The rapid development of AI technology, and its employment within the military, raises questions about trust and technology like the ones pilots have wrestled with for decades. Though the questions are new, they do have some similarities with those raised when flying by instruments became possible nearly a century ago. And at that time, the educational resources that could help pilots with those questions were available to the U.S. Army Air Corps, but it did not avail itself of them. Similarly, today, the resources for providing operators with a baseline education in AI, which would help address these questions about trust, even if it wouldn’t solve them completely, are already available in industry. Though developing organic educational content tailored to national defense is important, it will also take time. In the short term, the Department of Defense should buy licenses for open-source, online, modular curricula to bring its workforce into the age of AI.

 

 

Trusting the Instruments

Is it trustworthy? That’s the first question we should ask about any AI application. If it is, we have to ask a second question: Will its operators actually trust it? The congressionally mandated National Security Commission on AI, led by former Google CEO Eric Schmidt and former Deputy Secretary of Defense Robert Work, put the challenge this way in a draft of their forthcoming report: “Ultimately, [those charged with using AI tools] need to formulate an educated answer to this question: In the given circumstances, how much confidence in the machine is enough confidence?” This question predates AI and, in fact, was asked at the birth of instrument flying.

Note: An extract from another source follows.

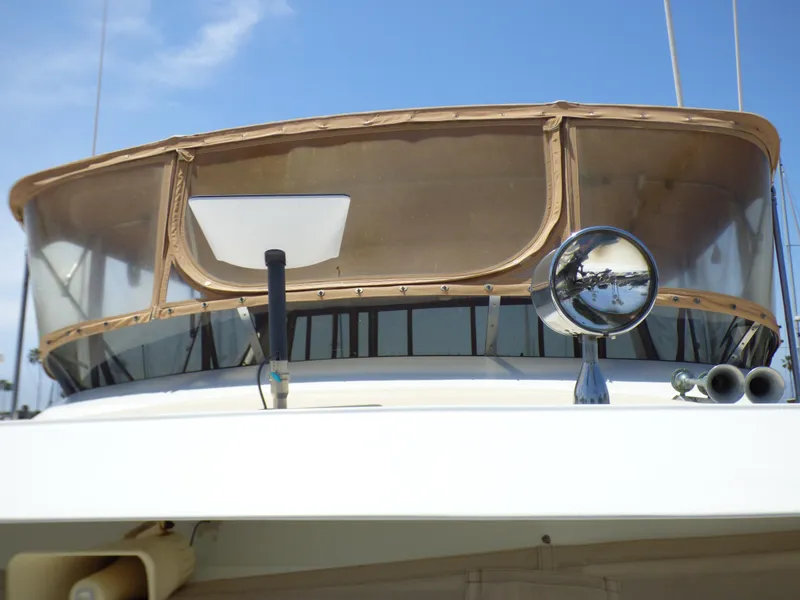 1987 MedYacht Mallorca 50 yacht with beige canopy and chrome spotlight.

Until the 1930s, flying in the clouds posed a considerable problem for pilots. In Timothy Schultz’s telling, the received wisdom was that experienced pilots with good instincts and well-functioning vestibular systems could fly straight and level even in the clouds. Of course, we know now that this was not so. The lucky ones made it through the weather right side up and lived to become experienced pilots. The unlucky ones didn’t. Many pilots even came to believe that the clouds were made of magnetic fields because, even though they “knew” that they were maintaining a constant heading, when they entered the clouds, the magnetic compass “began to rotate.”

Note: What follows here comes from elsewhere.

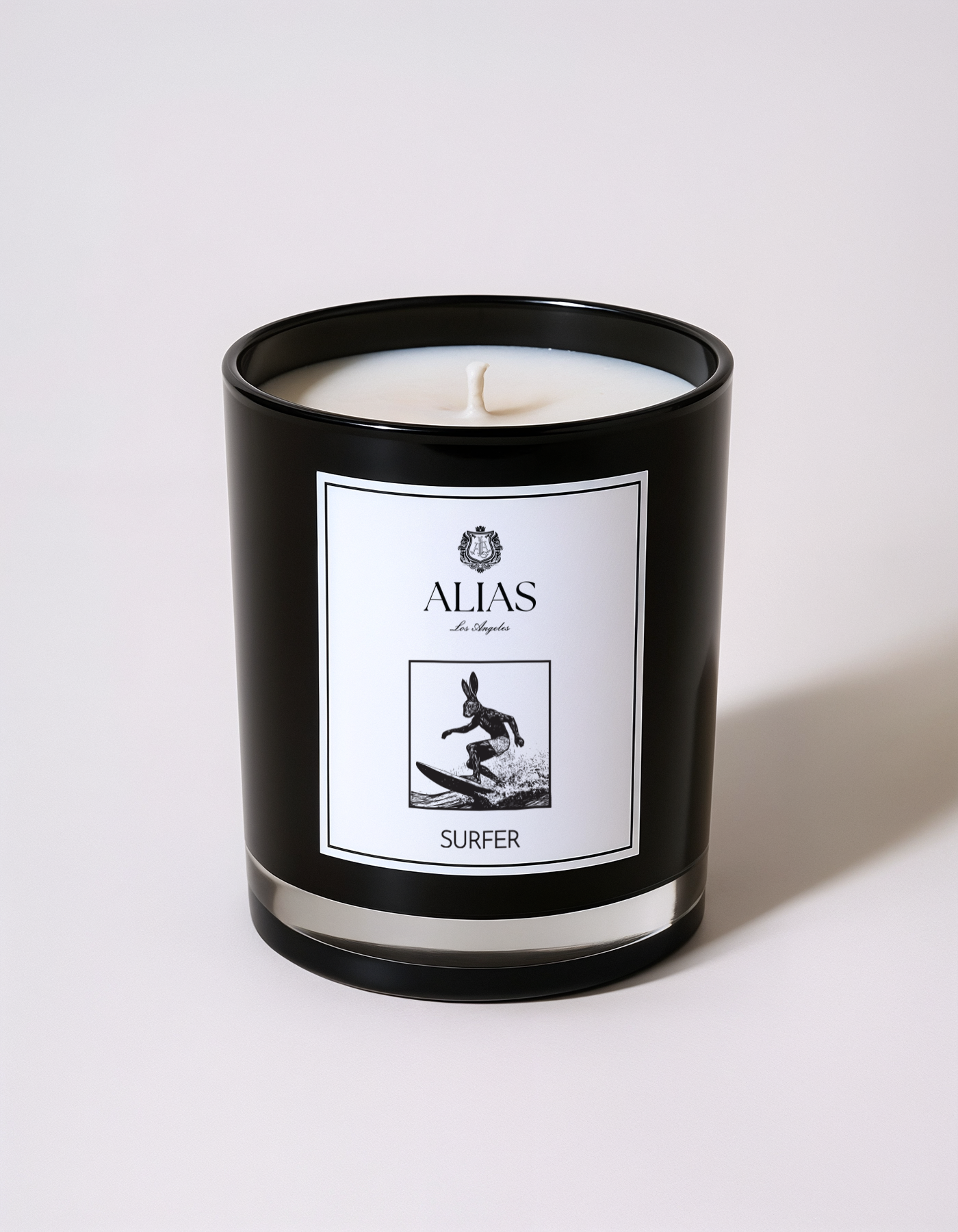 The Surfer luxury candle by Alias Los Angeles – glossy black jar with a fresh coastal fragrance of sea spray, koa wood, and ylang ylang; a soy wax candle inspired by California beach lifestyle, perfect for summer home décor, beach house ambiance, and thoughtful gifting.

Mechanical flight instruments would eventually solve this problem. In 1929, then-Lt. Jimmy Doolittle flew an entire flight — including the landing — with his canopy totally covered by a hood, so that he could see only the instruments inside his cockpit and nothing of the outside world. Doolittle would go on to fame in aviation history by leading the 1942 carrier-launched B-25 raid on Tokyo that now bears his name. But in 1929, Doolittle was putting his Ph.D. in aeronautical engineering to work in ways that would have far more profound implications for the future of aviation. Doolittle showed that the instruments were trustworthy, and instrument-rated pilots ever since have learned to trust them.

Applying these lessons to the AI challenge looks simple. Find some smart, technical people who can produce AI solutions; have them test those solutions; and if those experts say the solutions are trustworthy, then the problem is solved. But the AI challenge, like the flight-by-instruments challenge a century before, is more complicated than that.

Faults in the System

An important element in a person’s ability to trust technology is learning to recognize a fault or a failure. For instance, the airspeed and altitude indications in the cockpit are fed by sensors on the outside of the aircraft, known as the pitot tube and static ports. A blocked or frozen pitot tube will cause counterintuitive effects in the airspeed and altitude indications. Depending on the particular system and the specific kind of blockage, the airspeed indicator will freeze — no matter how fast or slow the aircraft goes. But the airspeed indicator will change with changes in altitude. Now imagine flying in the weather with a blocked pitot port. If not properly trained, pilots will either fail to notice the fault, or notice it but fail to identify it correctly and respond to it safely.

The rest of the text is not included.